American society has moved from a melting pot of “sameness” into a salad bowl of diversity, where people are proud to be different and show it. Supporting interfaith families who choose to raise Jewish children is only part of the conversation.
Paul Golin, Associate Executive Director of the Jewish Outreach Institute, believes that the word “assimilation” doesn’t really describe what happened to most American Jews, and that intermarriage is not synonymous with assimilation-out-of-existence for the Jewish community. In a recent article in “Chai Lights” (PDF) the newsletter of the Pacific Community of Cultural Jews, he discusses his views on assimilation and intermarriage:
“A growing percentage of the organized Jewish community now recognizes intermarriage as an opportunity for growth,” Golin says, “and not the exit that was once presumed.” Many intermarried couples raise their children Jewish. Golin says, “When our organization, the Jewish Outreach Institute, began in 1987, we had to spend over a decade advocating that intermarriage does not automatically mean the end of Judaism in that household, and that the community needs to welcome interfaith families.” Our movement is helping to stem the tide of assimilation by welcoming intermarried couples, thus providing a comfortable Jewish experience for the children. “I would actually suggest that liberal and secular Jews stop seeking motivation from demographic fears,” Golin says, “and instead focus on Jewish meaning and values as the most important step for continuing to grow our community.”

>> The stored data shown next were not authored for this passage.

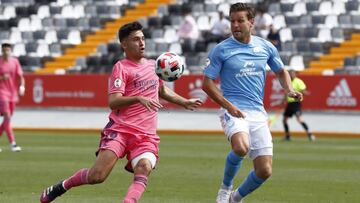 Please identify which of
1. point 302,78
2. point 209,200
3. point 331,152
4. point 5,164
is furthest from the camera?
point 302,78

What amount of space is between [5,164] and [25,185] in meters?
4.26

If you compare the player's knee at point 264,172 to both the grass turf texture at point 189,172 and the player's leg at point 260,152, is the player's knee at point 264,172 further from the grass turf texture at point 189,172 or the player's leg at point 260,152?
the grass turf texture at point 189,172

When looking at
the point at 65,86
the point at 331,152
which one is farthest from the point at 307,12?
the point at 331,152

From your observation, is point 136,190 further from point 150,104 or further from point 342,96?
point 342,96

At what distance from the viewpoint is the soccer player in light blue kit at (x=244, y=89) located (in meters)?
12.4

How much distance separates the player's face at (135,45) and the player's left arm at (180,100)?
0.57 metres

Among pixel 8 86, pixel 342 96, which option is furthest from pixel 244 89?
pixel 342 96

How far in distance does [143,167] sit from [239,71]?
2.06 meters

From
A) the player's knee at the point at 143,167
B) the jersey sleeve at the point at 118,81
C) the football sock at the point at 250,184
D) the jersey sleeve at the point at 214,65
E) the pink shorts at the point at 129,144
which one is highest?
the jersey sleeve at the point at 118,81

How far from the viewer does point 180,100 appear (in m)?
11.6

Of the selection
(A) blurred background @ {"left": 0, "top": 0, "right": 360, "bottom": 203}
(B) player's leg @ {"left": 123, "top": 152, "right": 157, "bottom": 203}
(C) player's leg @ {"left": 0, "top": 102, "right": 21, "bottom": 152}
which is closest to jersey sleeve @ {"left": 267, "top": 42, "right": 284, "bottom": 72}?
(B) player's leg @ {"left": 123, "top": 152, "right": 157, "bottom": 203}

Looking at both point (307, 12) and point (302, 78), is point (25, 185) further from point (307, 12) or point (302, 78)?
point (307, 12)

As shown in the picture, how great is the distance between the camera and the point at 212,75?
12555 millimetres

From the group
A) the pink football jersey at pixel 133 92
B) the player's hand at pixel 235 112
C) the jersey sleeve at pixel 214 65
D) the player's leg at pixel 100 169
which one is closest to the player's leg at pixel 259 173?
the player's hand at pixel 235 112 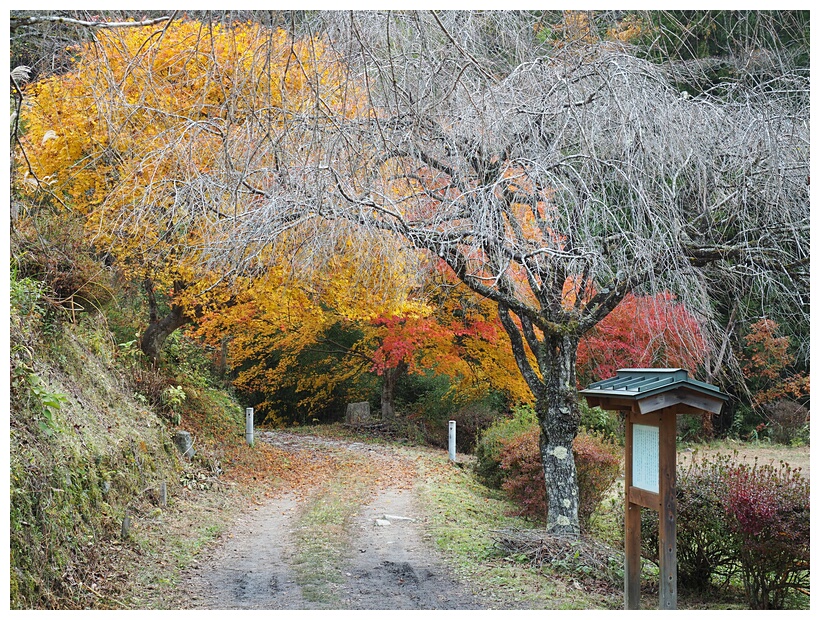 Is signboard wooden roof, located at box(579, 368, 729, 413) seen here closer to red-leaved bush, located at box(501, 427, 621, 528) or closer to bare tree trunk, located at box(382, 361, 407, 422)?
red-leaved bush, located at box(501, 427, 621, 528)

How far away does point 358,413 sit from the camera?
15.5m

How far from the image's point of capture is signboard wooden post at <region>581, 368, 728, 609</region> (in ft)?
14.1

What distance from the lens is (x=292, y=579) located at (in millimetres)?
5562

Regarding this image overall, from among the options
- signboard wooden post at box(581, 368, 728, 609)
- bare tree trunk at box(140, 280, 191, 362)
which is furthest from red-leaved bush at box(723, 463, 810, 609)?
bare tree trunk at box(140, 280, 191, 362)

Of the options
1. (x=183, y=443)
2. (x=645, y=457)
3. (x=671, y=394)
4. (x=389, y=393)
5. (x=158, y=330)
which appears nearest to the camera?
(x=671, y=394)

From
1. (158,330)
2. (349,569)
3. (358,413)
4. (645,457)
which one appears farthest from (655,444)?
(358,413)

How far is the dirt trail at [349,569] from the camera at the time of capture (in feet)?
16.7

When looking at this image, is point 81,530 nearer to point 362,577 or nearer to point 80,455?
point 80,455

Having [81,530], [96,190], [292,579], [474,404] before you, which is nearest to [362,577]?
[292,579]

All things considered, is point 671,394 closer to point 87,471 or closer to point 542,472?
point 542,472

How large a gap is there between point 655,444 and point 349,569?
8.81 feet

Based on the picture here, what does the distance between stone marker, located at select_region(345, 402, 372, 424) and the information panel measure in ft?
35.9

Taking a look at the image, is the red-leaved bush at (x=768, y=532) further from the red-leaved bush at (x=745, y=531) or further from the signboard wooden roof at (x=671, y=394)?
the signboard wooden roof at (x=671, y=394) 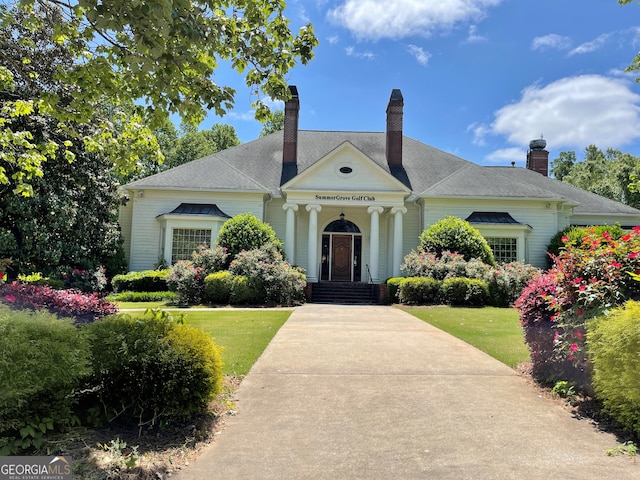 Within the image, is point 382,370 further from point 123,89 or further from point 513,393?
point 123,89

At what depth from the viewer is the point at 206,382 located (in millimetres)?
4203

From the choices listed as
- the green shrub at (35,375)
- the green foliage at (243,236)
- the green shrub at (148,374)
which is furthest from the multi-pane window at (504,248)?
the green shrub at (35,375)

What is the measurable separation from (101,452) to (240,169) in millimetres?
20804

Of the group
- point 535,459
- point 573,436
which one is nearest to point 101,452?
point 535,459

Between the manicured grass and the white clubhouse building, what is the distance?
21.8 feet

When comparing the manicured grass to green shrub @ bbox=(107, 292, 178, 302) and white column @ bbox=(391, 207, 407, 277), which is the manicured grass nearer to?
white column @ bbox=(391, 207, 407, 277)

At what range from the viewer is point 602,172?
48188 millimetres

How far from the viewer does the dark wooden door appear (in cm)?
2228

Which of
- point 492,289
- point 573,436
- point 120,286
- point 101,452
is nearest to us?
point 101,452

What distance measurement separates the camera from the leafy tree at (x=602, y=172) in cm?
3447

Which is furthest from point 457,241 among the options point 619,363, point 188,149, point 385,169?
point 188,149

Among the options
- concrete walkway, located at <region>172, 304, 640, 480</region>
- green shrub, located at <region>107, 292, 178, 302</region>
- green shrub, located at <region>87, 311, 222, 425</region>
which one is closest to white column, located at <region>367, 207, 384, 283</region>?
green shrub, located at <region>107, 292, 178, 302</region>

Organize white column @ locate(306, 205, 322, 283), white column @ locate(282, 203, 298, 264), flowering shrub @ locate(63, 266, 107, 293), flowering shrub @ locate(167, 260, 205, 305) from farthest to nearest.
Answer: white column @ locate(282, 203, 298, 264)
white column @ locate(306, 205, 322, 283)
flowering shrub @ locate(63, 266, 107, 293)
flowering shrub @ locate(167, 260, 205, 305)

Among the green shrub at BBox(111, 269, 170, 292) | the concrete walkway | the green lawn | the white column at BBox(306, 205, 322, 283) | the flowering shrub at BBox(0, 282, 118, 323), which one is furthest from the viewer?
the white column at BBox(306, 205, 322, 283)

The major question nowadays, as Golin states, “is about strength-of-connection to Judaism.” People who walk away from Judaism do so not because of the pull of assimilation, but because Judaism is no longer speaking to them. So, we have to ask ourselves how to re-create connections to Judaism for less-engaged and intermarried families, and how to encourage them to celebrate their diversity not only as Jewish families or families raising Jewish children, but within the Jewish community from each other, to show how we all contribute to a thriving American Jewish community.